I found the most likely answer here.

Unfortunately it's not an easy fix. I'll bring this thread to the attention of DA support; maybe they can figure out how to patch apache.

(Another workaround, more complex, would be only use one apache log file for all domains, and break them out every night during overnight processing, before running Webmin or any other logging service; this is how the old Cobalt Raqs did it.)

Jeff
 
Hello,

We do have a solution which should work:
http://help.directadmin.com/item.php?id=9

The only drawbacks are:

1) Users can no longer see their own error logs.
2) Your main /var/log/httpd/error_log gets big, fairly quickly

What you can also do, is remove the errors logs from all virtual_host file *except* the virtual_host.conf file. So the majority of the domains will still have their error logs, and only subdomains, and https domains/subdomains will be the only thing without error logs.

John
 
Just poking around in proc and found the setting for file handles... it would be interesting to see the output of
Code:
cat /proc/sys/fs/file-nr
This should tell you the number of current file handles, the number of file handles in use and the maximum number of file handles possible.

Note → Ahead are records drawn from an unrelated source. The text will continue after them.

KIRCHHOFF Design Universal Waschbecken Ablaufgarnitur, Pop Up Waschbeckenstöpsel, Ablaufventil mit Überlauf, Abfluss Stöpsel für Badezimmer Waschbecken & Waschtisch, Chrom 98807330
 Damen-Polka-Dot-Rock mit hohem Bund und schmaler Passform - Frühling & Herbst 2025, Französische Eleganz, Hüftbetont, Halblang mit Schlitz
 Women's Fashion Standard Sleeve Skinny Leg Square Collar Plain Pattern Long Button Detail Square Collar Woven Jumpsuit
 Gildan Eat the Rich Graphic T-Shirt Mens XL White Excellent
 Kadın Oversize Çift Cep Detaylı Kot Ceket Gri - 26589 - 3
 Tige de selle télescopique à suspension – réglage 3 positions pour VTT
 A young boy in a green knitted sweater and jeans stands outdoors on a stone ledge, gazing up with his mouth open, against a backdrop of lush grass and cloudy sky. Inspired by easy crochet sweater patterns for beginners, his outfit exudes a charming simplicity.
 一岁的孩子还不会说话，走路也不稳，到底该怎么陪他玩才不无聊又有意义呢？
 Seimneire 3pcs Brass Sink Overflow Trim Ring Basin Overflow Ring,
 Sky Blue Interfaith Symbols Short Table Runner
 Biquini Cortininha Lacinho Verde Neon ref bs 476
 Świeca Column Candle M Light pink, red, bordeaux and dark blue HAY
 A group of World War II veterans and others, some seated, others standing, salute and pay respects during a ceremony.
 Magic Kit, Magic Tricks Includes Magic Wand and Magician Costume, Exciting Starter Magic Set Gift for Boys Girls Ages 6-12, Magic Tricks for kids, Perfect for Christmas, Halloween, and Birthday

This should be configurable in sysctl.conf, .i.e.
Code:
echo "fs.file-max=103062" >> /etc/sysctl.conf
and modifiable by
Code:
echo "103062" > /proc/sys/fs/file-max
It would also be interesting to see the apache user's ulimit to see if you're hitting the hard or the soft limit for descriptors... It's also possible that apache itself can only use so many descriptors, regardless of the ulimit or the kernel limit.
 
ballyn said:
It's also possible that apache itself can only use so many descriptors, regardless of the ulimit or the kernel limit.
It's possible. But then I'd think that the Apache Organization would write that in their responses and documentation, instead of that it's dependent on ulimit.

Jeff
 
Yes, but I think ulimit relates to the apache user itself, while if there's a per-process limit, the parent apache process could hit that before it hits the ulimit for the user.